This addresses TableQA challenges for resource-constrained or privacy-sensitive environments, offering an incremental improvement through orchestration of existing methods.

The paper tackles the problem of ensuring reliability, scalability, and efficiency in Table Question Answering (TableQA) by introducing MATA, a multi-agent framework that uses multiple reasoning paths and tools with small language models, achieving state-of-the-art accuracy and high efficiency in experiments across benchmarks and LLMs.

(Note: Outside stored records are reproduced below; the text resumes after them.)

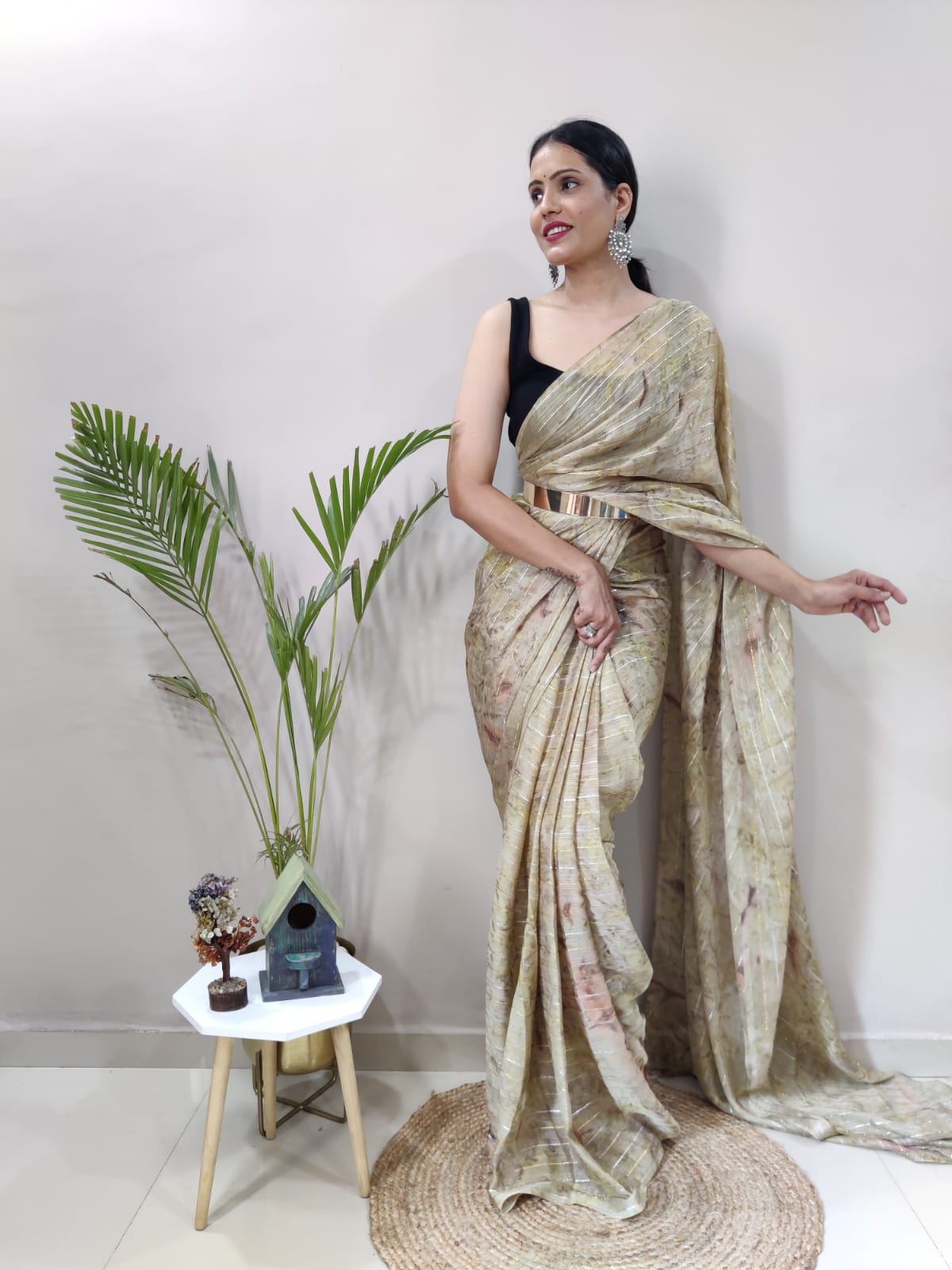 Presenting You Most Beautiful Latest Ready To Wear Saree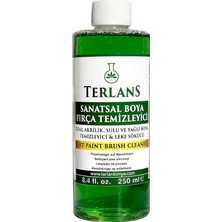 Sanatsal Boya ve Fırça Temizleyici 250 ml - Yağlı ve Akrilik Boya Temizleyici - Artist Brush Cleaner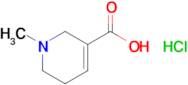 1-METHYL-1,2,5,6-TETRAHYDROPYRIDINE-3-CARBOXYLIC ACID HCL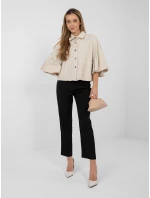 IT KR bunda FL9998.85 béžová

Recent advances in Large Language Models (LLMs) have significantly improved table understanding tasks such as Table Question Answering (TableQA), yet challenges remain in ensuring reliability, scalability, and efficiency, especially in resource-constrained or privacy-sensitive environments. In this paper, we introduce MATA, a multi-agent TableQA framework that leverages multiple complementary reasoning paths and a set of tools built with small language models. MATA generates candidate answers through diverse reasoning styles for a given table and question, then refines or selects the optimal answer with the help of these tools. Furthermore, it incorporates an algorithm designed to minimize expensive LLM agent calls, enhancing overall efficiency. MATA maintains strong performance with small, open-source models and adapts easily across various LLM types. Extensive experiments on two benchmarks of varying difficulty with ten different LLMs demonstrate that MATA achieves state-of-the-art accuracy and highly efficient reasoning while avoiding excessive LLM inference. Our results highlight that careful orchestration of multiple reasoning pathways yields scalable and reliable TableQA. The code is available at https://github.com/AIDAS-Lab/MATA.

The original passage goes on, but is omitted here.